Longwood Cricket Club


Longwood Cricket Club is a tennis and former cricket club based in Chestnut Hill, Massachusetts, United States. It is the site of the first Davis Cup competition.

History

A club for cricket was opened in 1877 at Longwood Estate, a place named after the house Napoleon Bonaparte stayed at while exiled to Saint Helena. Located on the outskirts of Boston on land donated by the Sears family, cricketers and baseball players put Longwood on the sports map. Specifically, Harry Wright, first player-manager of the Boston Red Stockings, played cricket for the United States, as did his brother George Wright. George Wright combined with tennis pro Charlie Chambers in league games throughout New England and played at Longwood against Lord Harris' XI in 1891. George Wright was the co-proprietor of Wright and Ditman, purveyor of fine sports goods. Wright brought the first tennis gear to Boston on his return from a baseball-cricket tour of England in 1874. Wright also taught tennis to Harvard students and toured with them in California in 1890. It was George Wright who deserves the credit for Longwood's broad-based sporting tradition, having excelled in baseball and cricket as a paid professional and at tennis as a promoter of the game.

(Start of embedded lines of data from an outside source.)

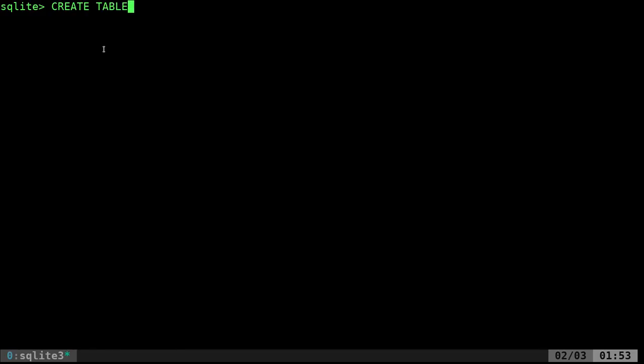I'll call this table 'table1'. Then in parentheses I define the columns, and you want to end every command with a semicolon. I'm going to create two columns: the first is called FNAME and I'm making it TEXT type. You can do different types — characters, dates, numbers — but I'll just use TEXT to keep things simple.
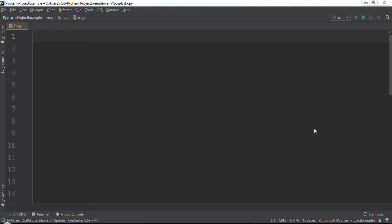First, we need to have an audio file in the same directory as the Python file we are running. To do this, first download the sample audio file attached to this lecture as a course resource or grab an audio file with some speech in it. One key point is that you need to use a WAV file, no mp3 or mp4 files please.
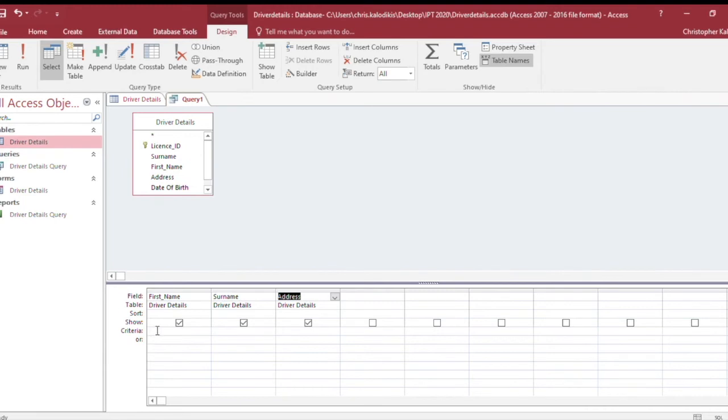Underneath Address, I'm going to put the wildcard asterisk, then type in 'Forest' because that's the street I'm looking for people living on.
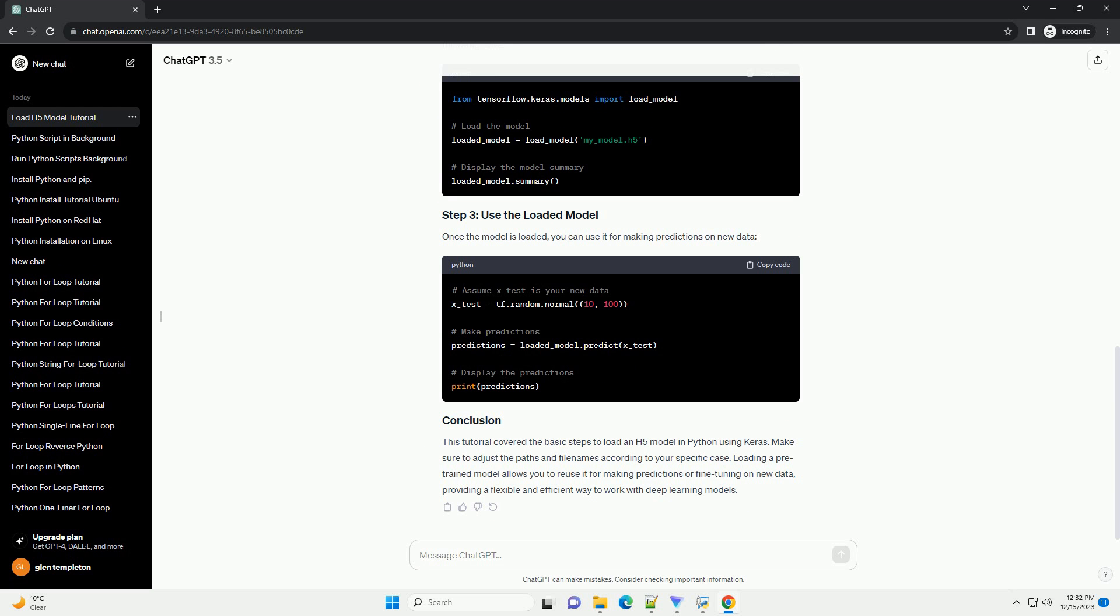Before we begin, make sure you have Keras and any other required libraries installed. You can install them using pip. Before loading a model, you need to have a saved model in the HDF5 format. If you don't have one, you can train a simple model and save it like this.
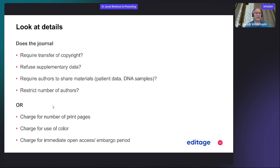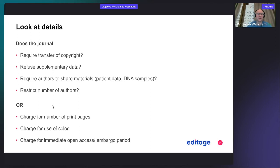Also look at the details: does the journal require transfer of copyright? Does it refuse supplementary data? Does it require authors to share materials like patient data or DNA samples? Most molecular journals want you to share your GenBank accession numbers and other data they want made publicly accessible. Does the journal restrict the number of authors? Usually no, but if you have multiple first authors or multiple co-corresponding authors, check that before submitting. Finally, check for extra charges like open access fees, color figure charges, or printed page charges.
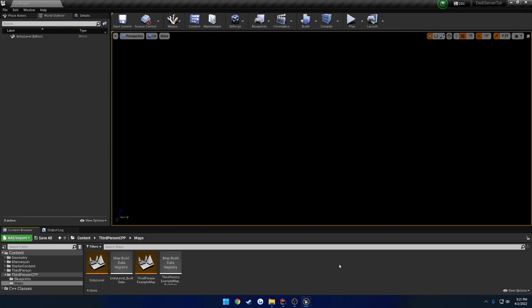So basically what we're going to do is set it up so when our third person character spawns, I want to print out a message to the log that only gets shown on the server. I want that code to be compiled out completely on the client. So that way we'll see the log on the servers, but we won't see it when the client loads up.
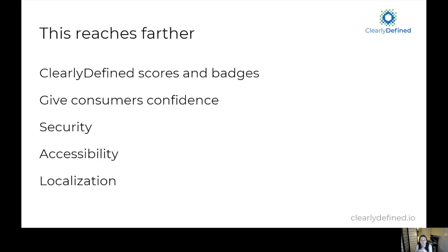This reaches farther than just Clearly Defined license information. We also have a concept of scoring — how clearly defined any given project is. For example, if you say your license is MIT, do we see the MIT license somewhere in your project? This is one of the components of how your project is scored, and can give consumers better confidence. We also think there are other places Clearly Defined may go in the future. We are focused right now just on license data, but in the future it might be interesting to provide security information, accessibility information, and localization information about these projects — we're interested more broadly in facts about FOSS projects that can be conveyed through their metadata.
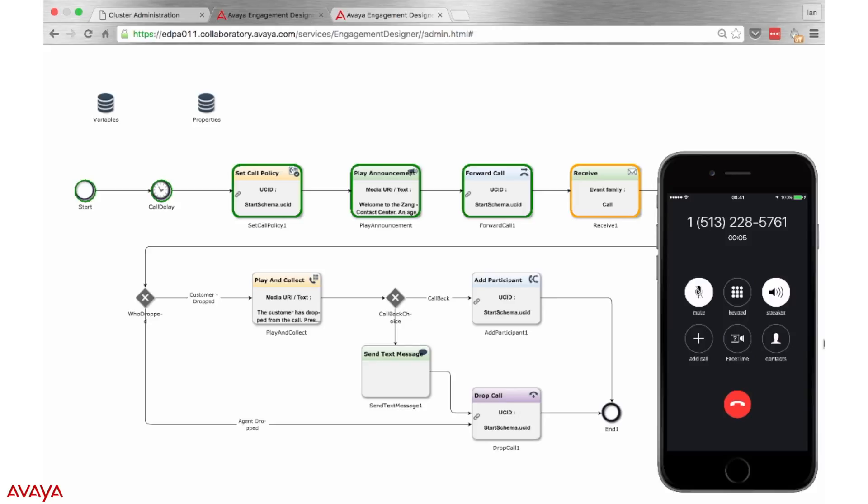The interface being shown here is a live instance of this Breeze snap-in and can be used with any snap-in created in Engagement Designer. Actions highlighted in orange are currently being processed, while those highlighted in green have already been completed.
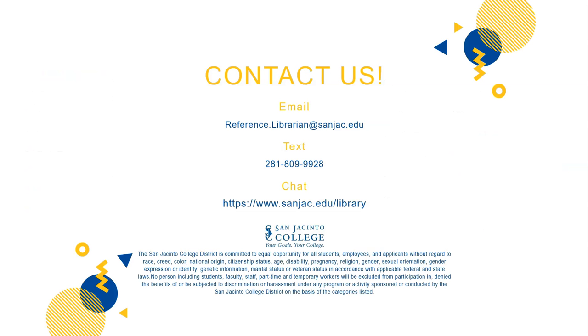If you need help finding reputable websites or using the Google Advanced Search, please ask a reference librarian. We're always here to help!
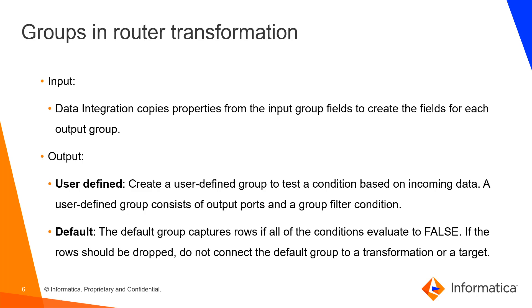The first one is user-defined, where the user can create a group to test a condition based on incoming data. A user-defined group consists of output ports under group filter condition.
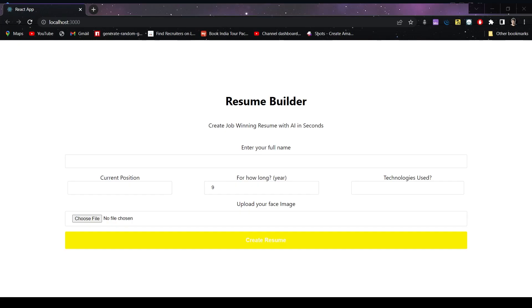Now it looks good. We can type in our name and the form is functional. We will set up our backend integration later.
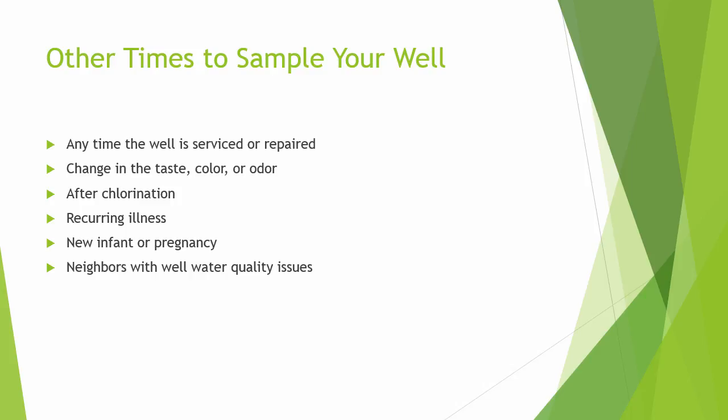You should also sample your well when one of the following occur: any time the well is repaired or serviced, if you notice any change in taste, color, or odor.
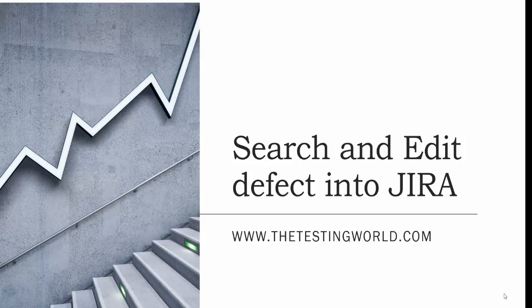Welcome to the testing world. Previously we have seen how to report a defect into Jira. Now I will show you how we can search a defect and edit defect information in Jira.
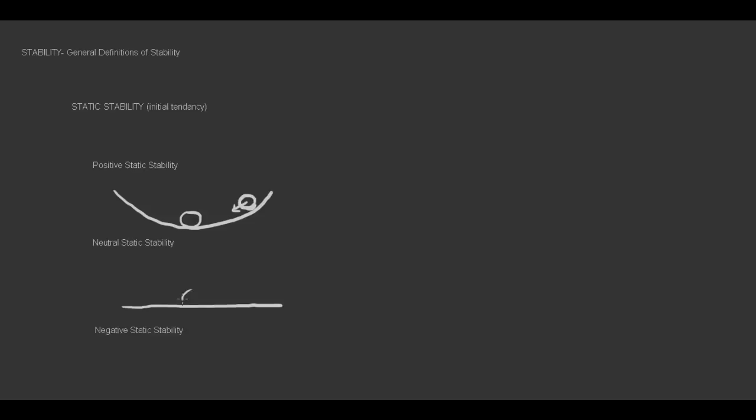Neutral static stability is the tendency for the deflection to stay where it is. So if we have a table and a ball on that table, if we deflect this ball and bring it over here, the initial tendency will be to stay exactly where it is. It won't come closer to its original position, and it won't go further away.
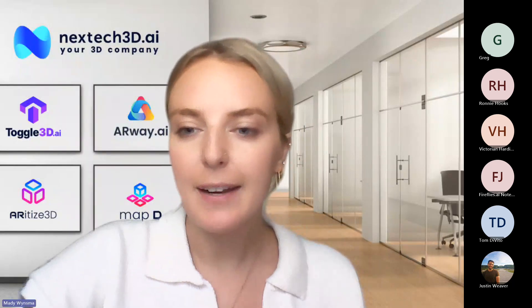Hi everybody. I know there's a couple people in the meeting already. Thank you guys for joining. I'm just going to give a couple extra minutes for some of the other attendees to join and then we'll go ahead and get started. I'll probably give about three minutes or so then we'll start.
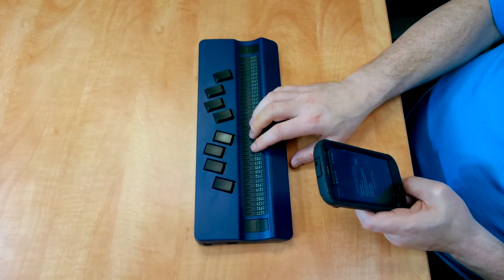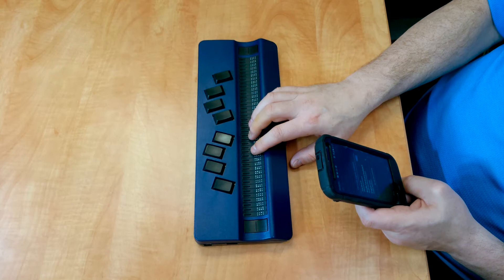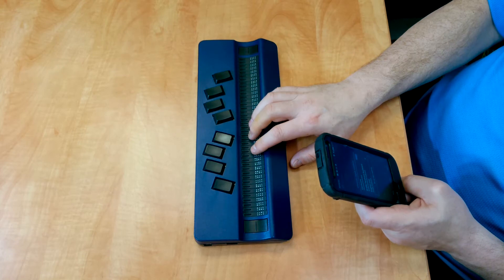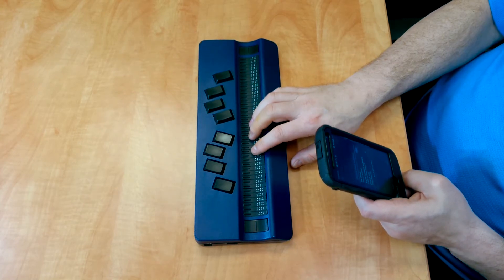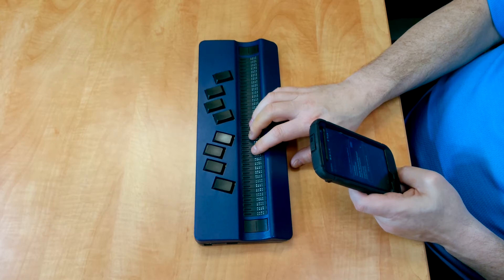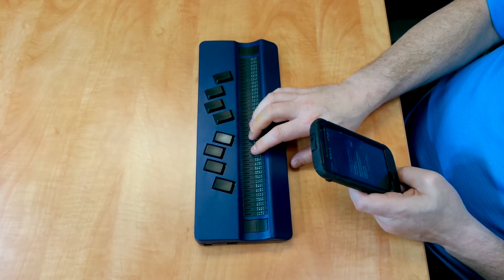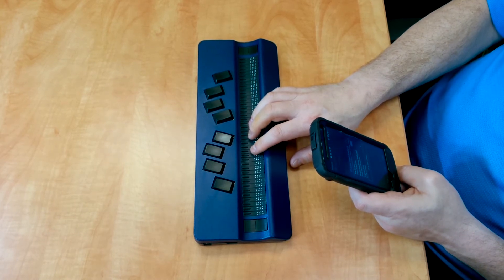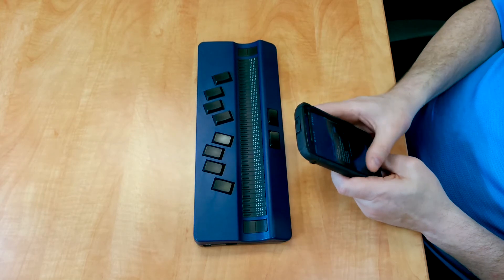If you want to use the Active Braille as a keyboard and control your Android device, you need to go into Settings on your Android device, go into Language and Input, and make sure the Braille back is checked. So I'll do that now.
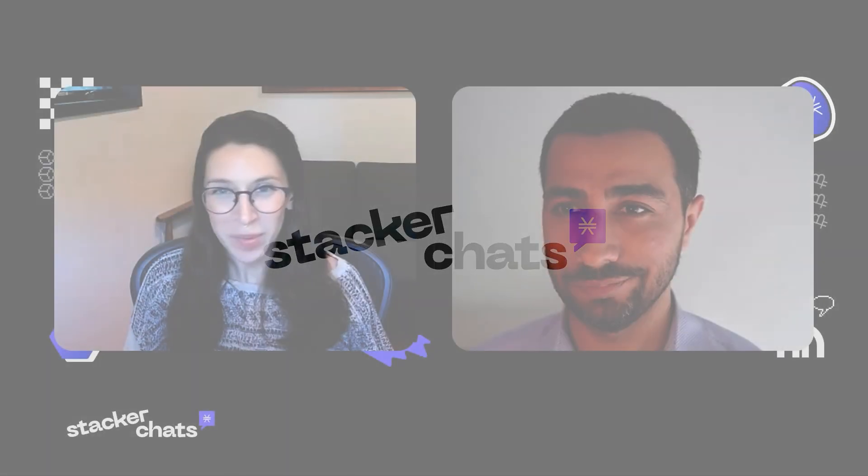Now, in terms of Bitcoin layers, there's also this relationship between Stacks miners and Bitcoin miners. Can you talk a little bit more about the game theory there and any potential attack vectors between the two?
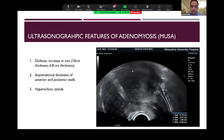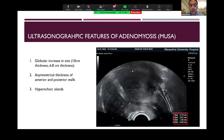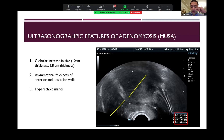In this patient, you can actually spot three of these criteria. As we can see here, there's a globular enlargement of the uterus. As we can see in the dimensions, the uterocervical length is 10 centimeters and the thickness is 6.8 centimeters, which is considerably larger than the normal dimensions. There is asymmetrical thickening of the anterior and posterior wall, and we can also see hyperechoic islands here. These are all signs of an adenomyotic uterus.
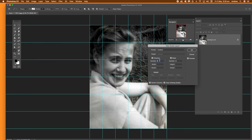Set the columns on, set the rows on, and set the number — you can do 4x4, 6x6, whatever you want. Click OK.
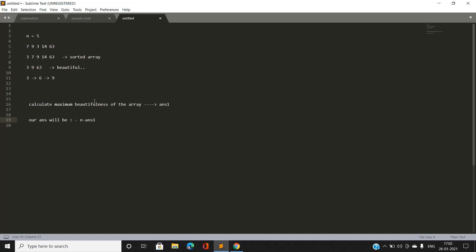Our answer will be n minus ans1, because we need to calculate the minimum number of elements to be removed to make the array beautiful. To do this, we calculate the maximum beautifulness of the array. We pick element 3, mark all its multiples, and when we encounter a multiple already present in the array, we increment its DP position by its occurrence.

A lawn tennis court was laid in 1878, two years after the organization of the All England Lawn Tennis and Croquet Club at Lord's Cricket Ground in London. On January 5, 1888, Longwood member and US cricket team captain C.L. Bixby led the team to a win over the West Indies cricket team at the Bourda ground in Georgetown, Guyana. Richard D. Sears, who won seven United States Championships, would soon become a club member as well.
The club's first tennis tournament was held in 1882. The following year saw the first Longwood Bowl tournament, attracting top American players. It would continue to be held annually until 1942. The Eastern Championship for doubles tennis was held in 1890. Cricket was last played at Longwood in 1933 before a one-off game was held in October 2008 between the Faded Blues CC and St. Columba's Cricket Club from Newport, Rhode Island.

Davis Cup

In 1900 Dwight Davis, then a fourth-year student at nearby Harvard University, arranged for a British team to visit Longwood and compete for what became the first Davis Cup, branded the International Lawn Tennis Challenge. The Davis-captained Americans won the inaugural contest 3–0.
In total, 15 Davis Cup ties have been settled at Longwood. The British Isles defeated the Americans 4–1 in the 1903 final. The 1908 semi-final saw the Americans reverse their fortunes and prevail by the same score. The next eight ties played at Longwood did not involve the American team. 1914 saw Australia defeat Britain 3–0 in a semi-final. 1922 through 1925 saw a tie played a year with Australasia defeating France 4–1 in a quarterfinal encounter in 1922, Australia beating France by the same score in a 1923 semi-final and in 1924, but by a 3–2 scoreline, and Australia defeating Japan 4–1 in 1925. After France swept Japan 5–0 in a 1927 semi-final, the Davis Cup would not return to Longwood for 11 years, with Australia defeating Nazi Germany 5–0 in the 1938 semi-final. A further decade would elapse before in 1948 Australia won another semi, this time over Czechoslovakia, 3–1. In 1957, the U.S. team returned to Brookline to defeat Brazil 5–0 in a 3rd round tie. Two years later saw Australia dispatch with India 4–1 in the penultimate round.
Another 40 years would pass before in 1999, Australia, led by Pat Rafter and Lleyton Hewitt defeated the U.S., led by Pete Sampras, 4–1 in a quarterfinal tie played on hard courts. This was the last time a top-flight professional tennis match was played at Longwood.

U.S. Pro Championship

The U.S. Pro Tennis Championships professional tennis tournament was contested annually at Longwood from 1964 to 1999, when it was discontinued, with the exception of 1995, when the tournament was rained out and 1996, when it was not scheduled.